REQUIRED WORK: An exact transcription is needed, beginning at the line with "Hey guys, Coderbyte" and ending at the last line of the listing, with pictures left out and nothing else added.

INFORMATION SHOWN:

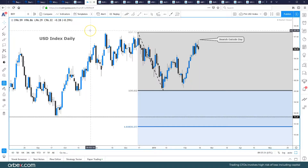Hi and welcome to this week's video analysis for the week starting the 18th of February 2019. Going to start off with the Dollar Index and then break down the other currency pairs, highlighting what we're seeing for the week ahead.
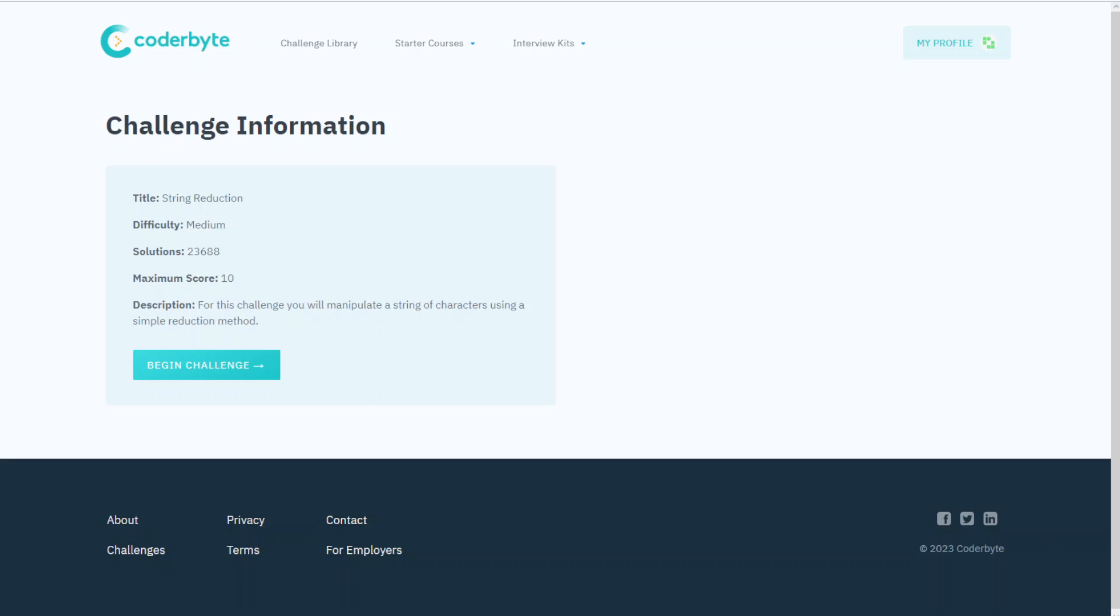Hey guys, Coderbyte code challenge, code assessment: String Reduction, medium complexity. In this challenge, we will manipulate a string character using a simple reduction method. Let's start.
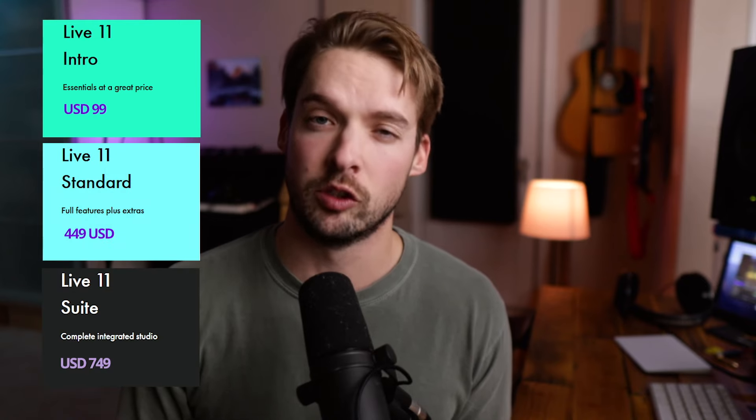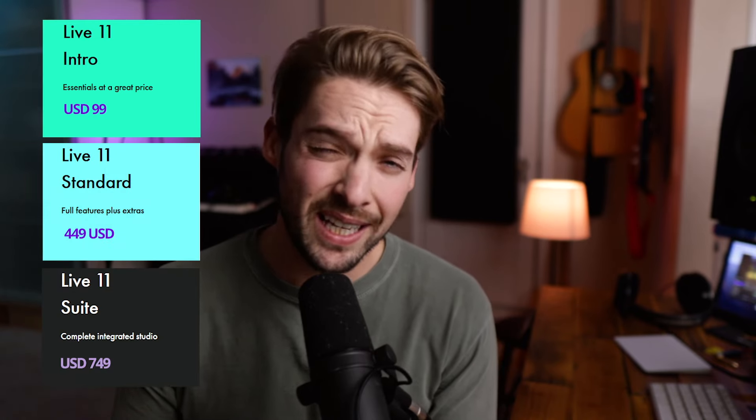Ableton Live currently comes in three editions: Light, Standard, and Suite. If you're making EDM beats and not recording anyone live, then I would highly recommend this program for you. If that's not you, stay tuned for some of the other DAW recommendations I'm going to talk about next. I'm giving this DAW an 8.6 out of 10.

FINISHED TASK:
Hey guys, Coderbyte code challenge, code assessment: String Reduction, medium complexity. In this challenge, we will manipulate a string character using a simple reduction method. Let's start.
Ableton Live currently comes in three editions: Light, Standard, and Suite. If you're making EDM beats and not recording anyone live, then I would highly recommend this program for you. If that's not you, stay tuned for some of the other DAW recommendations I'm going to talk about next. I'm giving this DAW an 8.6 out of 10.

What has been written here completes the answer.